What you should do = Return all lines of the data in which the string "blind" occurs.

BEGIN

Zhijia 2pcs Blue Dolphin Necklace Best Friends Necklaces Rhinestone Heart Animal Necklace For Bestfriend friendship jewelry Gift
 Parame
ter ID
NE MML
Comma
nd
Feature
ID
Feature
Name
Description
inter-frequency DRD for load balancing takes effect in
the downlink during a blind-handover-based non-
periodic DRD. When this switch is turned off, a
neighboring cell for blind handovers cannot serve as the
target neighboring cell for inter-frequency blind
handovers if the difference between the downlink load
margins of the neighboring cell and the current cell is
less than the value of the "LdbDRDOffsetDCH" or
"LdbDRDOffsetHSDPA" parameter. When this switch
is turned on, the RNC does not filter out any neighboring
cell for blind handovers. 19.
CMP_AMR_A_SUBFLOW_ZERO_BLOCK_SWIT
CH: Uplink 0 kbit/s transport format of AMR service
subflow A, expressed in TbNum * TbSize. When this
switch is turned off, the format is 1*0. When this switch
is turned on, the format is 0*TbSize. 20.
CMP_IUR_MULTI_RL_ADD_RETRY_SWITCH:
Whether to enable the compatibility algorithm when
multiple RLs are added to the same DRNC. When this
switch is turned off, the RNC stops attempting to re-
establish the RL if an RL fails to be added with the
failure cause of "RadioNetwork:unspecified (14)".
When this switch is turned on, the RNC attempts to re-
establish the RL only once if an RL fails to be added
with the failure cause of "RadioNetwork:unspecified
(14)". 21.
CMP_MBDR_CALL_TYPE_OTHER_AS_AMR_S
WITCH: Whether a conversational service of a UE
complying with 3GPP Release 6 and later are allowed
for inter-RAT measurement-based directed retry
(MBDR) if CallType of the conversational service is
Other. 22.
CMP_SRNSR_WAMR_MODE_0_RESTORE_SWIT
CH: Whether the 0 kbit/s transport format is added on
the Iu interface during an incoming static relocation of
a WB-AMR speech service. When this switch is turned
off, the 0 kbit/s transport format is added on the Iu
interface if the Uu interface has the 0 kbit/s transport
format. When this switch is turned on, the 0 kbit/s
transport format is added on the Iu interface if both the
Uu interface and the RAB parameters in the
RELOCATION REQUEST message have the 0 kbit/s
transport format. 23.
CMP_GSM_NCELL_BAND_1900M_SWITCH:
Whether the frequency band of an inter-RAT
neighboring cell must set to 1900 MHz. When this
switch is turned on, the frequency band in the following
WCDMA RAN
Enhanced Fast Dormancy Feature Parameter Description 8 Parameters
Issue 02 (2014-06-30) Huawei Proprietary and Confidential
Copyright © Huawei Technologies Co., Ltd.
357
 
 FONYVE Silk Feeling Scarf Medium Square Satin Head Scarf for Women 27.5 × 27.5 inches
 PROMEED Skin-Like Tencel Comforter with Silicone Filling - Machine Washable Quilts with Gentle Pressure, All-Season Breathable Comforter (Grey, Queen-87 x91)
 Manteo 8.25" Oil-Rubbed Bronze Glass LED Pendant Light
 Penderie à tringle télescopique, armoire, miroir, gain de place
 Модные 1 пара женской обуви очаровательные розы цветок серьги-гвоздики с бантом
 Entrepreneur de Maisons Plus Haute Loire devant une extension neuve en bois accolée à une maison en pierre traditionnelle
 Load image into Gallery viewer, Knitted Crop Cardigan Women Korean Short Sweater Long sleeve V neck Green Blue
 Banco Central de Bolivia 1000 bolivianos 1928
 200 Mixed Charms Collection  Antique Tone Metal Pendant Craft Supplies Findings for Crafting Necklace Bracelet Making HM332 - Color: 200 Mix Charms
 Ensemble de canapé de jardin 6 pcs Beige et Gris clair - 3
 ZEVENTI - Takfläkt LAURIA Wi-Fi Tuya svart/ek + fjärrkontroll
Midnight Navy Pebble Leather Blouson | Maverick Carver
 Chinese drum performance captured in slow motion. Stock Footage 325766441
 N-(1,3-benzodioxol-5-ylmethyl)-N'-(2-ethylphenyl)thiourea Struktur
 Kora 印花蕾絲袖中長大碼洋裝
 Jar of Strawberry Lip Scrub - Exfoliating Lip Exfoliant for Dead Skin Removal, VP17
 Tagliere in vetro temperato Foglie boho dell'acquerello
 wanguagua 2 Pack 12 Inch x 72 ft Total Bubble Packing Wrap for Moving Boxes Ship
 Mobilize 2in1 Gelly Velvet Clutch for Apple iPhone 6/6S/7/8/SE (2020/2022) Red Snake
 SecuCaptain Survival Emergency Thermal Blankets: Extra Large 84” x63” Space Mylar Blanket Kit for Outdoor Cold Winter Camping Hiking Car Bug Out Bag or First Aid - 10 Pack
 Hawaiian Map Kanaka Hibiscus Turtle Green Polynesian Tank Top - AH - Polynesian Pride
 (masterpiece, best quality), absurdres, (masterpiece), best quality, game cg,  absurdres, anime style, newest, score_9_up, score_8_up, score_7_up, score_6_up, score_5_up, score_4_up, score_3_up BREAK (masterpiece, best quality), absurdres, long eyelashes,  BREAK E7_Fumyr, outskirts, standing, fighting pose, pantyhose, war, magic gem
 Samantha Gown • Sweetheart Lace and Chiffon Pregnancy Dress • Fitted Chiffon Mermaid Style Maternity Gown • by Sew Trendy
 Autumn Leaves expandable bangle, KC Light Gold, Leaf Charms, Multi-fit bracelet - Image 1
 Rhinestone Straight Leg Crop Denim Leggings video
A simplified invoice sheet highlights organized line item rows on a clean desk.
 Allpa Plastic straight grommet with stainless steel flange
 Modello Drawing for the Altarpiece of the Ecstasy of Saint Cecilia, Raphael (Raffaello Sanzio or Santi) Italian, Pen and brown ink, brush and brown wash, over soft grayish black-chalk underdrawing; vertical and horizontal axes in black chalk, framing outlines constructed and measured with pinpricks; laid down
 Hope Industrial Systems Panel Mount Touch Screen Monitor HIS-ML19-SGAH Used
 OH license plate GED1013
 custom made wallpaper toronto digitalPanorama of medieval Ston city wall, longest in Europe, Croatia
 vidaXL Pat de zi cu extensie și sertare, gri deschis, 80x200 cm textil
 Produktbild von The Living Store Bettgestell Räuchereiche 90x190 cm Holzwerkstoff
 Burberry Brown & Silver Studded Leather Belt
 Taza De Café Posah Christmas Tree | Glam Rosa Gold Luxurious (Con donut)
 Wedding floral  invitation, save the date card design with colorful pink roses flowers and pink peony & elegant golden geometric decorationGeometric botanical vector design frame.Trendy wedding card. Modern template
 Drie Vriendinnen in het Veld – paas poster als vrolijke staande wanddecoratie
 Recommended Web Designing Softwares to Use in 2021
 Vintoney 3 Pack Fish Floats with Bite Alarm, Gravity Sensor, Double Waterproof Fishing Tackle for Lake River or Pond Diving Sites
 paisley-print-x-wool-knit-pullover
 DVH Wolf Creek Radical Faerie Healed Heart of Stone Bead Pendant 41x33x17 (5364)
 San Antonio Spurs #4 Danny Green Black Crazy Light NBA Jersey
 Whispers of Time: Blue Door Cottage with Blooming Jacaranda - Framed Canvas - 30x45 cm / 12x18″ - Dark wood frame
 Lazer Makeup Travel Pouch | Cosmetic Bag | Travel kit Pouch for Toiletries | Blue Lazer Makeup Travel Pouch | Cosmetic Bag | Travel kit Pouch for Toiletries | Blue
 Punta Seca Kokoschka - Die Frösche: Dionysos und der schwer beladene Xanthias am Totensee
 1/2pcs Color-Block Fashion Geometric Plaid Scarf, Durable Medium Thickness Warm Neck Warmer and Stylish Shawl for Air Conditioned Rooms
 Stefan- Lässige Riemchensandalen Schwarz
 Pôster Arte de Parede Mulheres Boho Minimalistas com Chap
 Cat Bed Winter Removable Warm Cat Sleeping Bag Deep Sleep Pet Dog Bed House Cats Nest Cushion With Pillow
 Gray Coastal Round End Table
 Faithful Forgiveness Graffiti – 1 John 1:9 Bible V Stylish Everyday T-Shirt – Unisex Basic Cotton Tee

END

Finished task =
the downlink during a blind-handover-based non-
neighboring cell for blind handovers cannot serve as the
target neighboring cell for inter-frequency blind
cell for blind handovers. 19.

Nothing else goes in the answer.